Two Atlanta police officers who were fired after a widely publicized incident involving two college students are suing Mayor Keisha Lance Bottoms and Police Chief Erika Shields for reinstatement of their jobs.
Ivory Streeter and Mark Gardner filed a lawsuit in Fulton County’s Superior Court on June 8. In the suit, the pair claim they were denied due process and unfairly terminated.
The incident occurred on May 30 in downtown Atlanta. Streeter, Gardner and four other officers approached a car driven by 22-year-old Messiah Young to enforce the city’s 9 p.m. curfew. The officers broke the car windows and deployed tasers before the pair were removed from the car. Taniyah Pilgrim, 20, was tased before officers opened the door and pulled out of the passenger seat. Young was also tased several times. As his eyes rolled back and his body convulsed, his door was also opened and he snatched out of the vehicle.
Pilgrim later said she and Young feared for their lives.

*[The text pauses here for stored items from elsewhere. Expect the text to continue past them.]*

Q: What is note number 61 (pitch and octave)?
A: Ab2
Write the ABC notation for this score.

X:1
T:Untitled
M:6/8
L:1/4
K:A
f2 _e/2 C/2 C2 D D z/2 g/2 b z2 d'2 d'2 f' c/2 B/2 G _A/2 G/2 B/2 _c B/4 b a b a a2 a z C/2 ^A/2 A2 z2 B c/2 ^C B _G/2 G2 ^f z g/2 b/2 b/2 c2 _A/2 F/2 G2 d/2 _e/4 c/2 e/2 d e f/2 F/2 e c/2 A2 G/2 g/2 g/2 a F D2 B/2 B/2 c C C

“We felt like we were going to die in that car,” the Spelman student said at a June 1 press conference.
Young was left with a fractured arm and a wound that required 20 stitches.

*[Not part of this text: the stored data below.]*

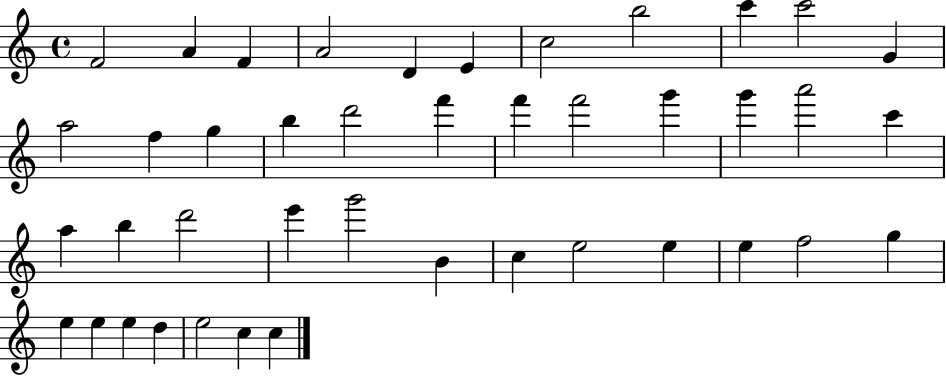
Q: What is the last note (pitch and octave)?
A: C5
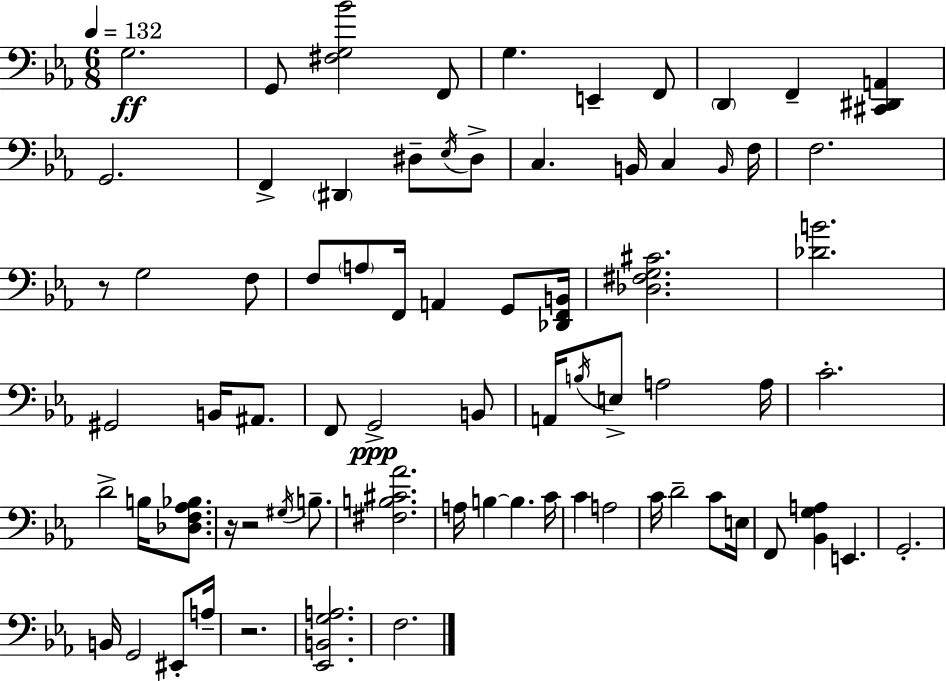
{
  \clef bass
  \numericTimeSignature
  \time 6/8
  \key c \minor
  \tempo 4 = 132
  \repeat volta 2 { g2.\ff | g,8 <fis g bes'>2 f,8 | g4. e,4-- f,8 | \parenthesize d,4 f,4-- <cis, dis, a,>4 | \break g,2. | f,4-> \parenthesize dis,4 dis8-- \acciaccatura { ees16 } dis8-> | c4. b,16 c4 | \grace { b,16 } f16 f2. | \break r8 g2 | f8 f8 \parenthesize a8 f,16 a,4 g,8 | <des, f, b,>16 <des fis g cis'>2. | <des' b'>2. | \break gis,2 b,16 ais,8. | f,8 g,2->\ppp | b,8 a,16 \acciaccatura { b16 } e8-> a2 | a16 c'2.-. | \break d'2-> b16 | <des f aes bes>8. r16 r2 | \acciaccatura { gis16 } b8.-- <fis b cis' aes'>2. | a16 b4~~ b4. | \break c'16 c'4 a2 | c'16 d'2-- | c'8 e16 f,8 <bes, g a>4 e,4. | g,2.-. | \break b,16 g,2 | eis,8-. a16-- r2. | <ees, b, g a>2. | f2. | \break } \bar "|."
}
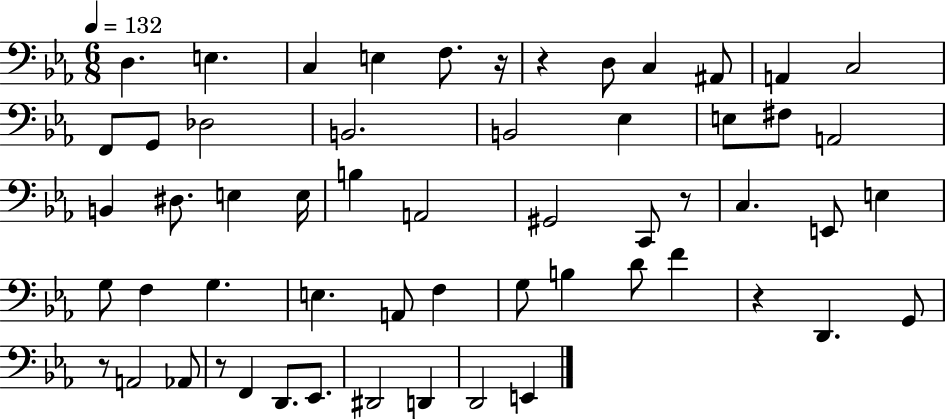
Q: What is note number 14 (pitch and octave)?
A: B2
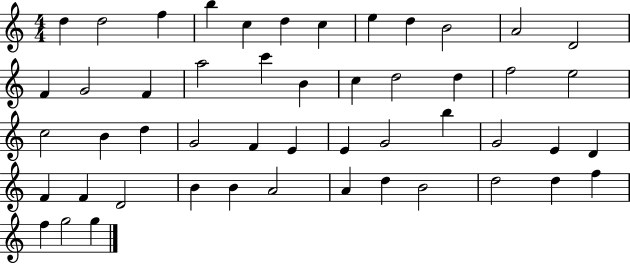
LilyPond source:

{
  \clef treble
  \numericTimeSignature
  \time 4/4
  \key c \major
  d''4 d''2 f''4 | b''4 c''4 d''4 c''4 | e''4 d''4 b'2 | a'2 d'2 | \break f'4 g'2 f'4 | a''2 c'''4 b'4 | c''4 d''2 d''4 | f''2 e''2 | \break c''2 b'4 d''4 | g'2 f'4 e'4 | e'4 g'2 b''4 | g'2 e'4 d'4 | \break f'4 f'4 d'2 | b'4 b'4 a'2 | a'4 d''4 b'2 | d''2 d''4 f''4 | \break f''4 g''2 g''4 | \bar "|."
}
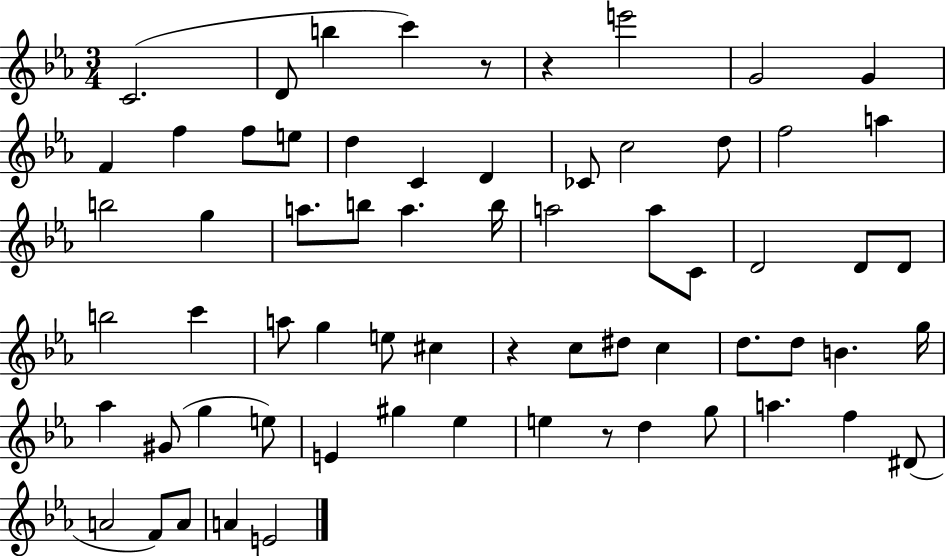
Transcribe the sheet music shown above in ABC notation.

X:1
T:Untitled
M:3/4
L:1/4
K:Eb
C2 D/2 b c' z/2 z e'2 G2 G F f f/2 e/2 d C D _C/2 c2 d/2 f2 a b2 g a/2 b/2 a b/4 a2 a/2 C/2 D2 D/2 D/2 b2 c' a/2 g e/2 ^c z c/2 ^d/2 c d/2 d/2 B g/4 _a ^G/2 g e/2 E ^g _e e z/2 d g/2 a f ^D/2 A2 F/2 A/2 A E2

“This has truly been one of the hardest things I’ve ever experienced in my life,” the Morehouse College student told reporters.

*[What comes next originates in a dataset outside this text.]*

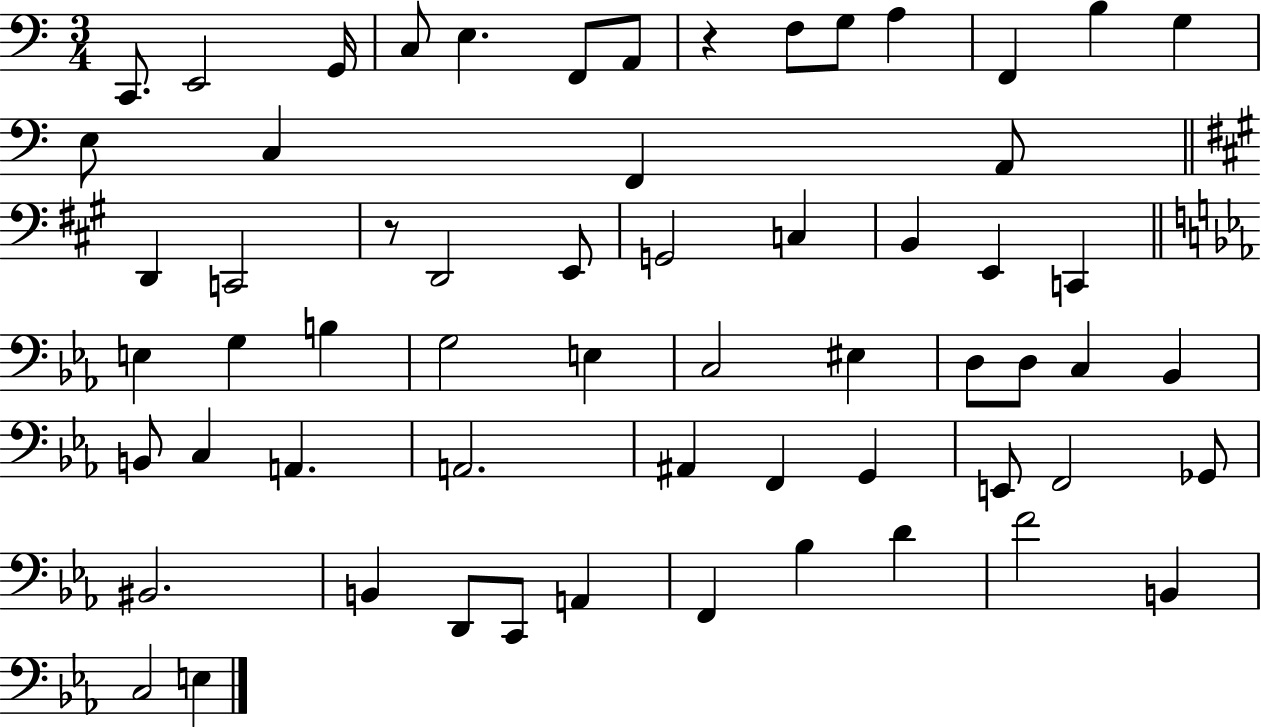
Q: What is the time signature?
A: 3/4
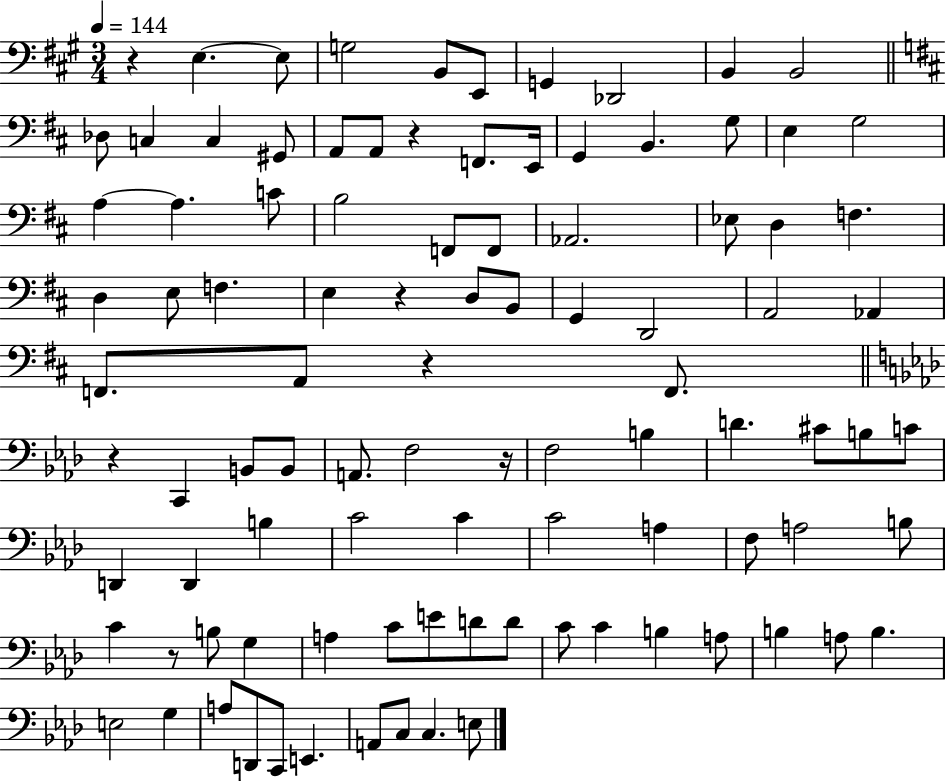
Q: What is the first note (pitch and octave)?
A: E3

Both were arrested but the charges were eventually dropped. Gardner and Streeter were fired a day after the incident.
“After review of that footage, Chief [Erika] Shields and I have made the determination that two of the officers involved in the incident last night will be terminated immediately,” Bottoms said in a news conference on May 31.
Four other officers were placed on desk duty or administrative leave while the confrontation was being investigated. This is a source of contention for Gardner and Streeter, according to court documents obtained by CBS46.
“The other four police officers who were involved in the incident were engaged in substantially similar conduct, which was also alleged to be improper, but have not been dismissed and are, by information and belief, either on paid leave or have been assigned to non-enforcement duties,” the suit states.
Fulton County District Attorney Paul Howard announced he was pursuing charges again all the officers involved on June 2. Shields later called the move “political” in a memo to her staff.
The papers argued Gardner and Streeter’s use of force was “was proper and in compliance” with Atlanta Police policy and state laws. The suit added the duo was “summarily dismissed from their employment by Petitioner Shields, without an investigation, without proper notice, without pre—disciplinary hearing, and in direct violation of the municipal code of the City of Atlanta.”
The lawsuit states the pair have “suffered irreparable injury to their personal and professional reputations as result of their unlawful dismissal. As result of the unlawful action of the Respondent, the Petitioners have become public spectacles and objects of ridicule. Their unlawful termination was unnecessarily public and has attracted national media attention.”
Gardner and Streeter are seeking reinstatement and back pay.